Kelangkaan talenta digital di tengah masifnya digitalisasi di Indonesia tentu menjadi sebuah tantangan besar. Dibutuhkan sinergi berbagai pihak untuk mencetak talenta digital berkecakapan mumpuni, bahkan dapat berkiprah di kancah global.
Meski pernah berkarier di luar negeri, Brian Marshal dan Tri Ahmad Irfan memilih pulang ke Indonesia dan membangun bisnisnya sendiri. Baik Brian maupun Irfan melihat adanya potensi dan peluang yang besar untuk berinovasi dengan teknologi di Indonesia.
Dan saat ini, setelah sempat menimba pengalaman di Singapura, Brian (Founder dan CEO, SIRCLO) telah sembilan tahun membangun perusahaan teknologi yang bergerak di bidang solusi e-commerce.
Sedangkan Irfan, sempat dua tahun berkarier di kantor pusat Twitter di San Francisco, AS, kini tengah sibuk mengembangkan Lumina, platform komunitas kerja pertama bagi pekerja kerah biru di Indonesia. Di Lumina, Irfan bertindak sebagai Co-Founder sekaligus CTO.
Sementara itu ada pula Rakina Zata Amni, yang saat ini bekerja sebagai Senior Software Engineer di Google. Ia merupakan bagian dari tim Google Chrome Security Architecture yang berlokasi di Tokyo, Jepang.
Tiga anak muda dengan karier dan pengalaman yang mungkin menjadi impian banyak anak muda di Indonesia ini adalah alumni dari ajang International Olympiad in Informatics (IOI), yaitu ajang olimpiade sains internasional di bidang informatika. Diakui oleh ketiganya bahwa ajang olimpiade sains internasional ini sedikit banyak menginspirasi dan melecut motivasi mereka dalam kiprahnya saat ini.
Di sisi lain, kesuksesan Brian, Irfan, dan Rakina ini sekaligus juga memperlihatkan potensi besar yang dimiliki anak muda Indonesia, khususnya di bidang sains dan teknologi. Hal ini menjadi penting mengingat saat ini Indonesia gencar mengakselerasi transformasi digital di berbagai bidang.
Semakin intensifnya transformasi digital tentu akan berimplikasi terhadap peningkatan kebutuhan talenta digital di tanah air.

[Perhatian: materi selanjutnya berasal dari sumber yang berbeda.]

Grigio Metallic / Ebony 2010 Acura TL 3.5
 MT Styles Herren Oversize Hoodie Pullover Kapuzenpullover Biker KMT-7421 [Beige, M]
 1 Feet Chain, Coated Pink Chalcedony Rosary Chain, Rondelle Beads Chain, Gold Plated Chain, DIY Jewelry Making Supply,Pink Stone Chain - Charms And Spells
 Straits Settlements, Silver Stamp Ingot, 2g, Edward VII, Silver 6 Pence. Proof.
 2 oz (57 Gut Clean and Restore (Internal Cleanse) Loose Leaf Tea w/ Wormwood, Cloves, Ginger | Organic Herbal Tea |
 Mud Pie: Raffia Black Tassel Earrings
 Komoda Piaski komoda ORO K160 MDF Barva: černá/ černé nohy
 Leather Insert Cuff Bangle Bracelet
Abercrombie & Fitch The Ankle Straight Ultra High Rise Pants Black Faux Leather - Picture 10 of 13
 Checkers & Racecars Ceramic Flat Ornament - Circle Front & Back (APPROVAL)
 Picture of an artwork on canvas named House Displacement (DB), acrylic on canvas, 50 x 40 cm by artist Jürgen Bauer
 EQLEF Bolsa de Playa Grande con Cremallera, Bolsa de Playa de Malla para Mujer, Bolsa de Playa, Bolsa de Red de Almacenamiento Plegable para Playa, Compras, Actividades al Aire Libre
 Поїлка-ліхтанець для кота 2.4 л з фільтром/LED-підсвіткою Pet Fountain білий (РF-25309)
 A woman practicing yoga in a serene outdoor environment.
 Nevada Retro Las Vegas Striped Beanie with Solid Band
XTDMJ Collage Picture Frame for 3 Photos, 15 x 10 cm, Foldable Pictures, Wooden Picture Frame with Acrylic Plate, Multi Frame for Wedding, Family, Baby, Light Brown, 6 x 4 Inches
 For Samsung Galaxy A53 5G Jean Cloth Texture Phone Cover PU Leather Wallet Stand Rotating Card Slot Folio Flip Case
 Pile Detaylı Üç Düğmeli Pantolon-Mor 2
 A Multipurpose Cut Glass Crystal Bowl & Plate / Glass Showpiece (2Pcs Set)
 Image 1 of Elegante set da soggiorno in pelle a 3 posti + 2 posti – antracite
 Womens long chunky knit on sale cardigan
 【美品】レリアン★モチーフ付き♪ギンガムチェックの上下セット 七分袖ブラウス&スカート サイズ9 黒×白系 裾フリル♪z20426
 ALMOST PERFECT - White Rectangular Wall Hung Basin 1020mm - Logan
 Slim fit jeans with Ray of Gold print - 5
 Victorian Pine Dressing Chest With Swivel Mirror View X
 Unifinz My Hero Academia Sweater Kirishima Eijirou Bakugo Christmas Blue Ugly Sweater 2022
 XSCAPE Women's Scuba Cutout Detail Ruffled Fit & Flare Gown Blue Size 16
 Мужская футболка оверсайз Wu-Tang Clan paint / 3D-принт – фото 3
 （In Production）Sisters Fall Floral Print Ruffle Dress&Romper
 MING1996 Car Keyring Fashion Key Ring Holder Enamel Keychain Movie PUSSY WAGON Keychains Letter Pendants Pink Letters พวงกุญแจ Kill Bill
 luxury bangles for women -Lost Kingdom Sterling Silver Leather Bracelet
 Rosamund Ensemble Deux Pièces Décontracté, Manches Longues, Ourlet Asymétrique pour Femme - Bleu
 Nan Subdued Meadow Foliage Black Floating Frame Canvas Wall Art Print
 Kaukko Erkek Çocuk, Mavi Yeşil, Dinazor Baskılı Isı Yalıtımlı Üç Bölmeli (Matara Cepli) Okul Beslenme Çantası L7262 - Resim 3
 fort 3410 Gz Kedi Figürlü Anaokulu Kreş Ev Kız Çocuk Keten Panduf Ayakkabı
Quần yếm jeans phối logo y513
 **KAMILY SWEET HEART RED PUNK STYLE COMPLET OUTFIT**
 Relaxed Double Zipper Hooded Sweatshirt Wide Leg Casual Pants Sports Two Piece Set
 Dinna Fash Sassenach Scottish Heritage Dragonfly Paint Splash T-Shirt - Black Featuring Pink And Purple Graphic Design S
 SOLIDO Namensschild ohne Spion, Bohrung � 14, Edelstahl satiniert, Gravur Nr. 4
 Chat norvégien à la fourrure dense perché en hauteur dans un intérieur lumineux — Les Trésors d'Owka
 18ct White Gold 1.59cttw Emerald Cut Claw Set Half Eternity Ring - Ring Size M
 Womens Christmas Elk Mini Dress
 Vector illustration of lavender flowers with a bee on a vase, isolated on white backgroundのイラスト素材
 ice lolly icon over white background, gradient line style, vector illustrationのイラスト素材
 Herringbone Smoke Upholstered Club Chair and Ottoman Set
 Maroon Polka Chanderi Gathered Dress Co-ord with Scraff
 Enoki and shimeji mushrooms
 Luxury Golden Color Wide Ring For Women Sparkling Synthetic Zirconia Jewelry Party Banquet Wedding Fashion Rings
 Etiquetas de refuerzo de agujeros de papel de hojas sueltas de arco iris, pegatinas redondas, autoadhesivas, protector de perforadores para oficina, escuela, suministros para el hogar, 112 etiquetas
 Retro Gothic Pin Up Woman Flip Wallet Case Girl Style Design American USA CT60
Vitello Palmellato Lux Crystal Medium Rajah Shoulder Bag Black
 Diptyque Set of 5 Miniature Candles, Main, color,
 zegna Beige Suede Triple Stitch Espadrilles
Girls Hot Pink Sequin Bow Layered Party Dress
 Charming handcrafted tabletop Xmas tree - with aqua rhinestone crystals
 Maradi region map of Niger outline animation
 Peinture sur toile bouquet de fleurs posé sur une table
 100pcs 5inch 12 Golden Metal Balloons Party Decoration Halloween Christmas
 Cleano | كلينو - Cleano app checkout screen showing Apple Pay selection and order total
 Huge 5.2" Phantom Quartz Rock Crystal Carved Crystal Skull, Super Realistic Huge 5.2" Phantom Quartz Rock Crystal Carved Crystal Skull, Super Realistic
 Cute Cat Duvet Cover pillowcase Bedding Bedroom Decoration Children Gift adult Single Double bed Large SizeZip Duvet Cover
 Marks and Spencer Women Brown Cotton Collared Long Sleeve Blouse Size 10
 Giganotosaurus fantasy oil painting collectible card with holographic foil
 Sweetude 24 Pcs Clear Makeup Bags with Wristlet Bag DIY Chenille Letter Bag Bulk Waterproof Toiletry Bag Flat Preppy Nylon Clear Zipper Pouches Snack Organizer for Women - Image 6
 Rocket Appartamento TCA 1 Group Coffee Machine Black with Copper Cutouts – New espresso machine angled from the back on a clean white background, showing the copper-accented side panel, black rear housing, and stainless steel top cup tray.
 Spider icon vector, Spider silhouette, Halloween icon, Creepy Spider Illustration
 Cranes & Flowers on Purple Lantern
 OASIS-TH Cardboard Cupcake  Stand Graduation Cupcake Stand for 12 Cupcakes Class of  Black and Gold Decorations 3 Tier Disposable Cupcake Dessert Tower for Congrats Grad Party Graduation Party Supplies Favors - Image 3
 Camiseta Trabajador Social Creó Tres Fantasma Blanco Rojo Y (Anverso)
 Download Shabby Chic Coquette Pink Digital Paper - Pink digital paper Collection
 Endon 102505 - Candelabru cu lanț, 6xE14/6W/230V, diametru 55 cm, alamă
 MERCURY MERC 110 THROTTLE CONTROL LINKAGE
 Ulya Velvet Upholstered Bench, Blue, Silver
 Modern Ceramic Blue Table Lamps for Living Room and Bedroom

Berdasarkan riset McKinsey dan Bank Dunia, Indonesia membutuhkan sekitar sembilan juta talenta digital dalam kurun waktu 2015 hingga 2030. Itu artinya, Indonesia harus mencetak 600.000 tenaga ahli di bidang teknologi digital setiap tahunnya.
Talenta digital ini pula yang akan menjadi bagian dari growth engine bagi ekonomi digital Indonesia yang diproyeksikan Kementerian BUMN tumbuh delapan kali lipat dari pertumbuhan ekonomi nasional.
Dengan laju tersebut, pada 2030, nilai ekonomi digital bisa mencapai angka Rp4.300 triliun atau hampir 30 persen dari “kue” ekonomi digital di kawasan Asia Tenggara yang totalnya diperkirakan akan mencapai US$1 triliun.
Persoalan Kuantitas dan Kualitas
Terkait kebutuhan SDM di bidang digital, selain kelangkaan dalam hal jumlah, tantangan lain yang dihadapi Indonesia adalah kesenjangan talenta atau talent gap. Survei LinkedIn di tahun 2019 lalu menemukan, jumlah talenta digital di tanah air hanya 0,2 persen dari total angkatan kerja. Angka itu pun memosisikan Indonesia dii urutan ke-9 dari total 11 negara yang disurvei.